И весь рабочий день, набитый суетой и проблемами, у него из головы не шла неверщица в шляпке. Впечатлительный какой, думал Александр Аркадьич. Увидел дно жизни и получил стресс. Надо бы к психологше нашей, жаль, что она сегодня выходная. Она хорошо говорит про заброшенность в мир, вот прямо по сути… Но на кого же, ёлы-палы, похожа бабка-то? Прямо чувство тревоги ощущаю теперь из-за нее, переходящее в неуверенность в себе…
Наверно, это во мне совесть, вдруг понял он. Пожалел бабке купюрку. Или не купюрку, но всё равно. Ничего, они же до ночи сидят. Буду ехать по тому бульвару… хотя, черт, с другой же стороны… Ну ладно уж, выйду. Перейду. А заодно и присмотрюсь к ней получше…
Когда он вышел и перешел, бабки не было.
Место было то же, тут и вопрос не стоял. Либо ушла, либо… на новое место перебежала, понял он. Теперь там просит. Их же гоняют, вот они и бегают, как же не дотумкал-то, балда.
В «Верность+» входило десять минут ожидания, и Александр Аркадьич немного прошелся по бульвару. А неплохо вот так вот сделать паузу, вырвать из своего сумасшедшего графика пару минут и никуда не спешить, а просто…
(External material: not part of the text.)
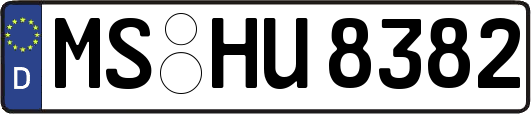MS-HU8382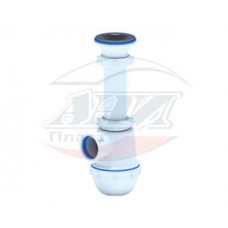 A0100 Сифон АНИ Грот 1 1/2"*40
Надо чаще так делать, думал он. Вокруг висели желтые окна домов, похожих на гигантские ящики для овощей. Казалось почему-то, что очень темно и будет еще темнее, хоть и фонари, и… когда-то уже было так, да? И окна, и эта слякоть, и небо, мертвенно-золотистое небо… когда-то и где-то, и не здесь, и совсем не так на самом деле…
Что за бред?
Ну хватит. Отшагал квартал – и назад. А то у верности плюс кончится. Загляну вот только за угол (что за улица?.. а, неважно). Просто гляну, и всё. Для очистки совести…
Он завернул за угол. И не удивился, увидев ее.
– Здравствуй, рыцарь Александр, – обратилась она к нему, будто знала. И ждала.
Ну конечно, бабуля того. Они все того, думал Александр Аркадьич, делая шаг назад. Вот только откуда она, интересно…
Горло вдруг сдавило каким-то бетоном. Немедленно, немедленно к психологше… а заодно и к лору…
– Хорошо, что ты начал вспоминать, – сказала бабуля.
«Какая приятная встреча, – хотел сказать Александр Аркадьич, – ну, мне пора», – и развернуться к машине. Или просто ничего не сказать. На неверщицу еще и слова тратить…
Но почему-то спросил:
– Что вспоминать?
– Плохо дело, – качнула головой бабка. – Подойди сюда.
– Вообще-то я, уважаемая…
– Подойди. Или я к тебе подойду, раз ты теперь такой…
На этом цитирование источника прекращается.